You can use crawler-request which uses the pdf-parse

Exception Handling

const fs = require('fs');
const pdf = require('pdf-parse');

let dataBuffer = fs.readFileSync('path to PDF file...');

pdf(dataBuffer).then(function(data) {
	// use data
})
.catch(function(error){
	// handle exceptions
})

Extend

  • v1.0.9 and above break pagerender callback changelog
  • If you need another format like json, you can change page render behaviour with a callback
  • Check out https://mozilla.github.io/pdf.js/
// default render callback
function render_page(pageData) {
    //check documents https://mozilla.github.io/pdf.js/
    let render_options = {
        //replaces all occurrences of whitespace with standard spaces (0x20). The default value is `false`.
        normalizeWhitespace: false,
        //do not attempt to combine same line TextItem's. The default value is `false`.
        disableCombineTextItems: false
    }

    return pageData.getTextContent(render_options)
	.then(function(textContent) {
		let lastY, text = '';
		for (let item of textContent.items) {
			if (lastY == item.transform[5] || !lastY){
				text += item.str;
			}  
			else{
				text += '\n' + item.str;
			}    
			lastY = item.transform[5];
		}
		return text;
	});
}

let options = {
    pagerender: render_page
}

let dataBuffer = fs.readFileSync('path to PDF file...');

pdf(dataBuffer,options).then(function(data) {
	//use new format
});

Options

const DEFAULT_OPTIONS = {
	// internal page parser callback
	// you can set this option, if you need another format except raw text
	pagerender: render_page,
	// max page number to parse
    max: 0,
    //check https://mozilla.github.io/pdf.js/getting_started/
    version: 'v1.10.100'
}

pagerender (callback)

If you need another format except raw text.

max (number)

Max number of page to parse. If the value is less than or equal to 0, parser renders all pages.
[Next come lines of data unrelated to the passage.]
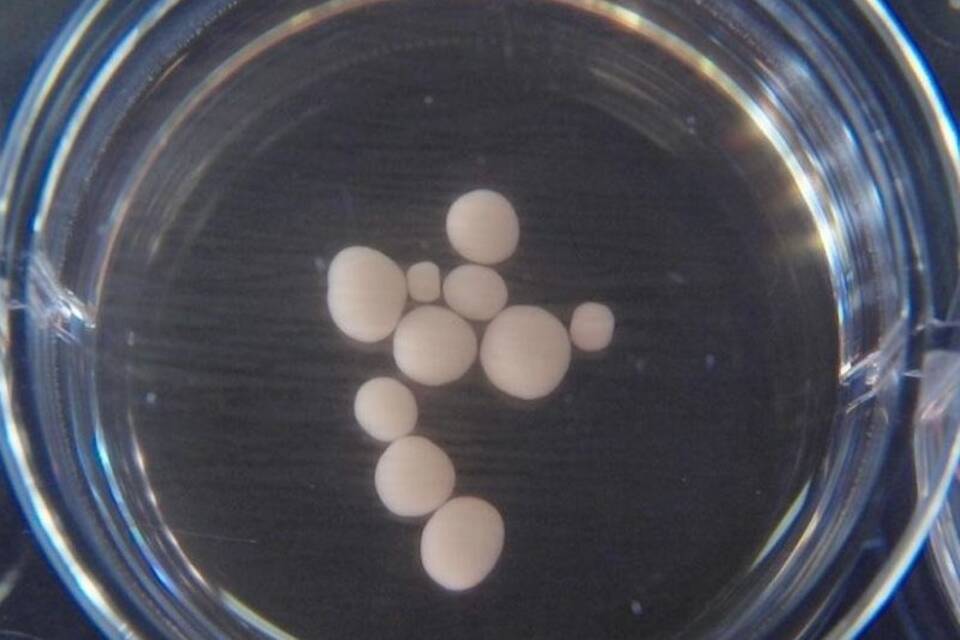 Elektrische Aktivität in Miniatur-Gehirnen Elektrische Aktivität in Miniatur-Gehirnen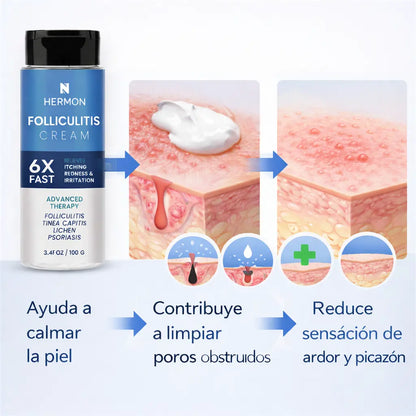 FOLLICULITIS CREAM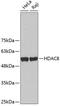 Histone Deacetylase 8 antibody, 18-604, ProSci, Western Blot image 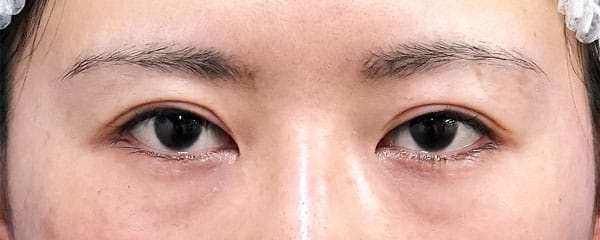 ダウンタイムの少ないハム目改善手術（睫毛側たるみ取り）　直後～１ヶ月後、閉眼ものBefore写真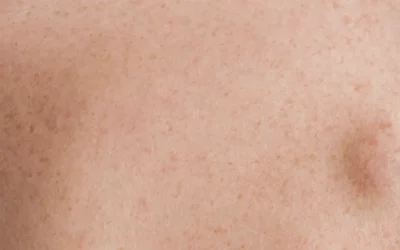 Lipoma Removal - Plastic Surgery Vancouver, Rejuvenation Coal Harbour, Dr. Diana Forbes
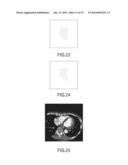 RENDERING PROCESSING METHOD AND APPARATUS diagram and image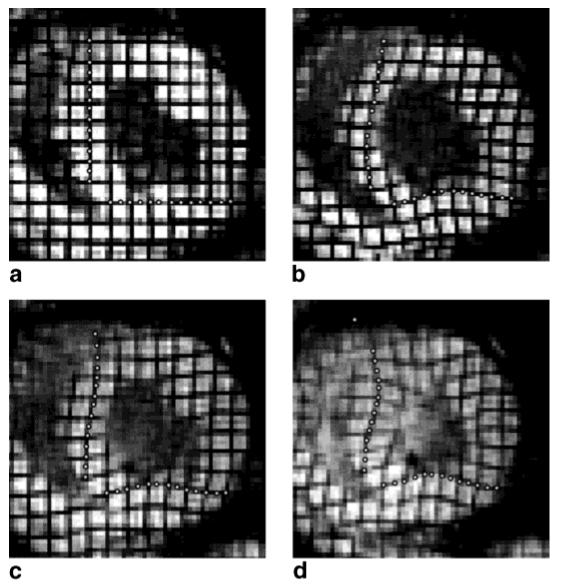 FIG. 5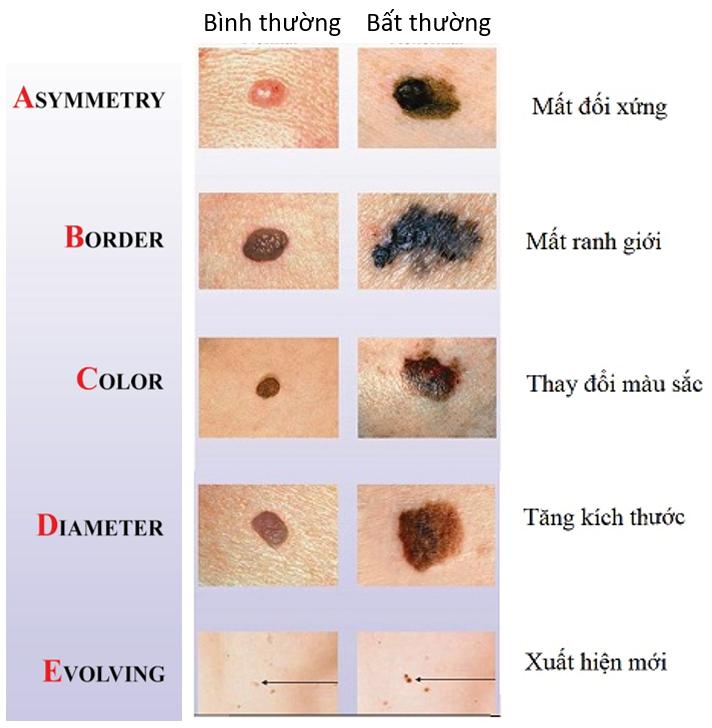 Ung thư da: Nguy hiểm tiềm ẩn từ những tổn thương không đau, không ngứa- Ảnh 1.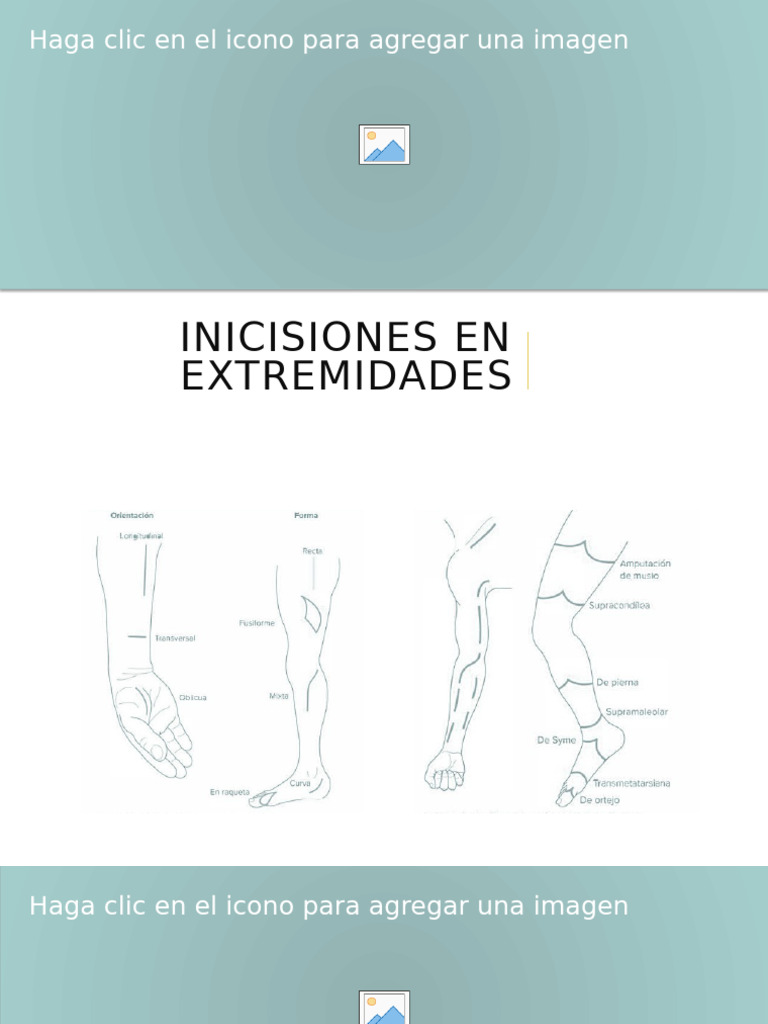 Tipos de Incisiones Quirúrgicas Detalladas | PDF | Abdomen | Anatomía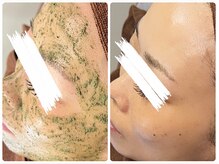 カピリナ(ka pilina)/～ざらつき・くすみ解消～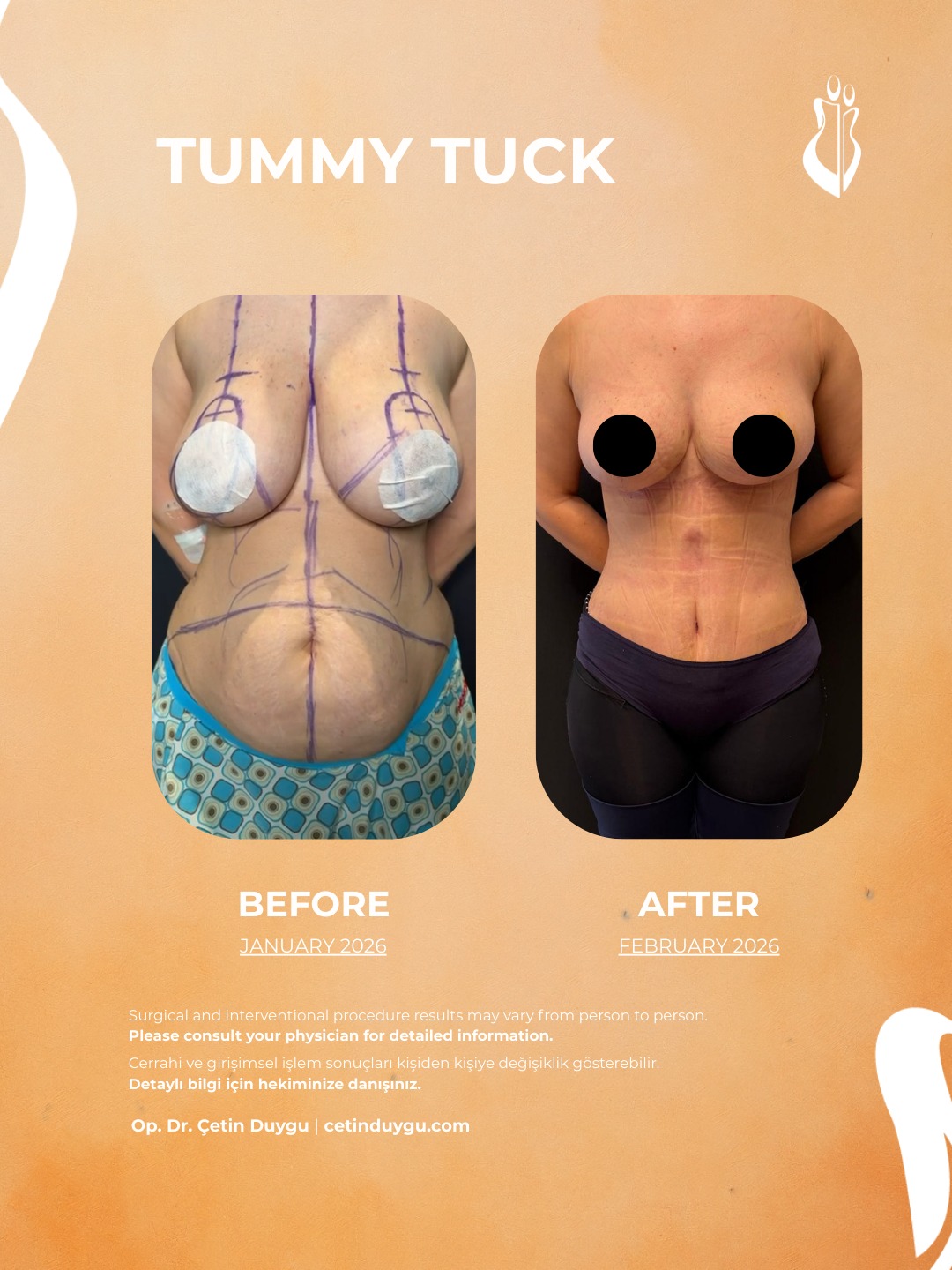 WhatsApp Image 2026-02-09 at 17.59.31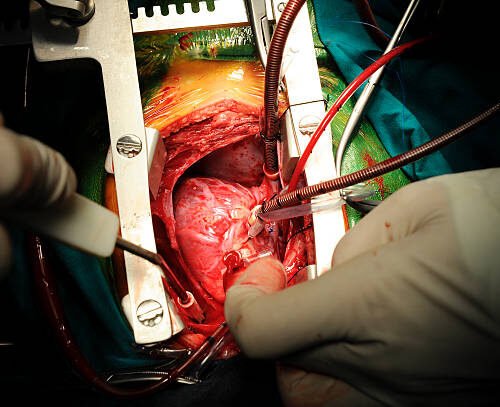 Chirurgie Cardio-Vasculaire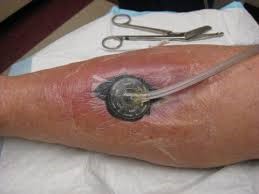 gemlrgroup's tweet photo. The 1st #RCT on negative pressure wound therapy (NPWT) in @LancetGH suggests no clinical benefit of using NPWT for conflict-related extremity wounds. In resource-limited settings, money &amp; resources required for this therapy may be better utilized elsewhere https://t.co/SU9wAaLSgk https://t.co/tH3TyJ85pk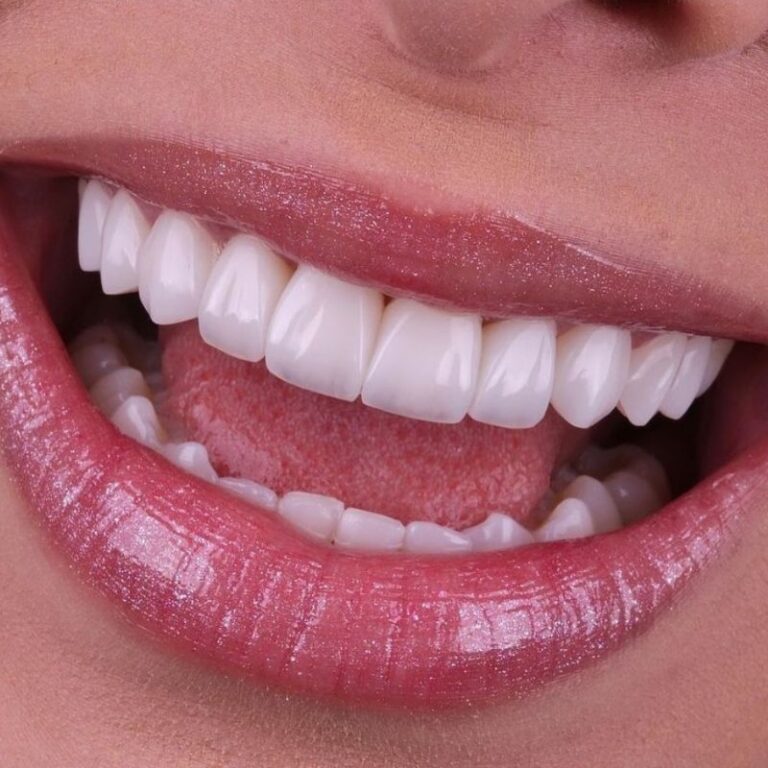 lentes de contato dental em Joinville SC sorriso perfeito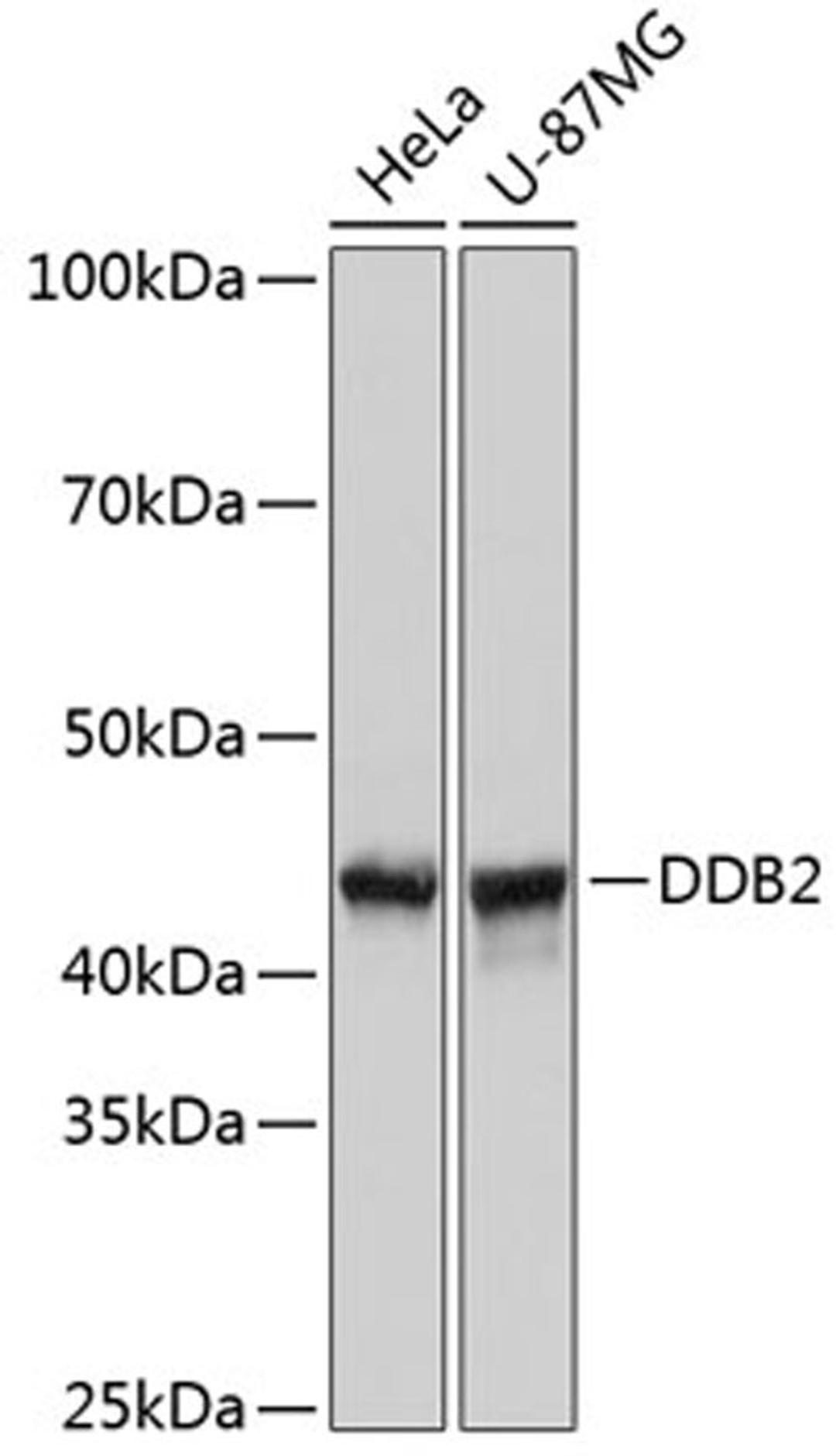 Western blot - DDB2 Rabbit mAb (A11615)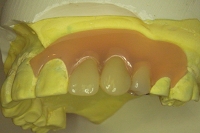 バネのない部分入れ歯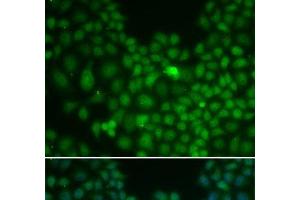 Immunofluorescence analysis of U2OS cells using CLU Polyclonal Antibody (Clusterin Antikörper)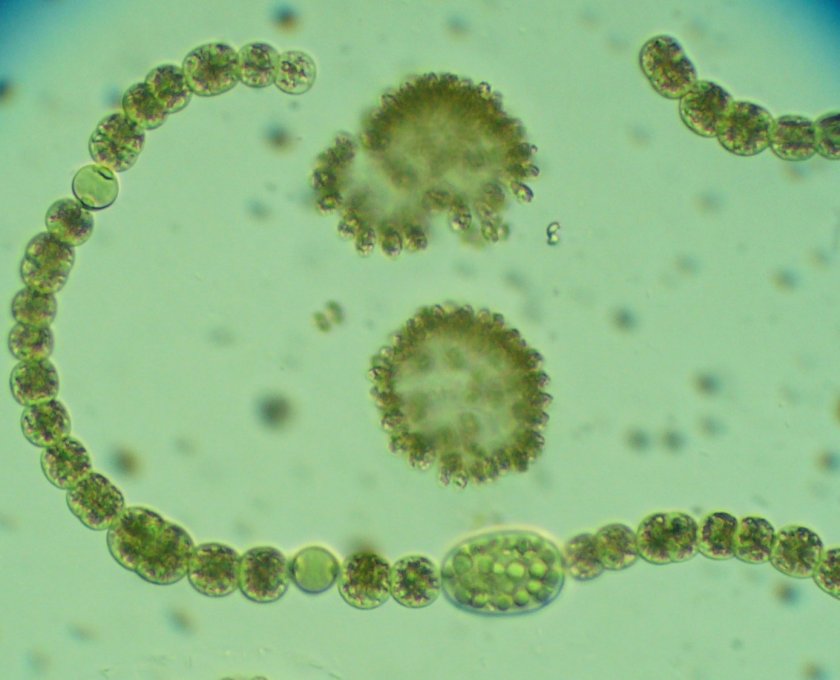 Blauwalg onder de microscoop Blauwalg onder de microscoop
version (string, pdf.js version)

check pdf.js

  • 'default'
  • 'v1.9.426'
  • 'v1.10.100'
  • 'v1.10.88'
  • 'v2.0.550'

default uses version v1.10.100
mozilla.github.io/pdf.js

Test

Support

I use this package actively myself, so it has my top priority. You can chat on WhatsApp about any infos, ideas and suggestions.

WhatsApp

Submitting an Issue

If you find a bug or a mistake, you can help by submitting an issue to GitLab Repository

Creating a Merge Request

GitLab calls it merge request instead of pull request.

License

MIT licensed and all it's dependencies are MIT or BSD licensed.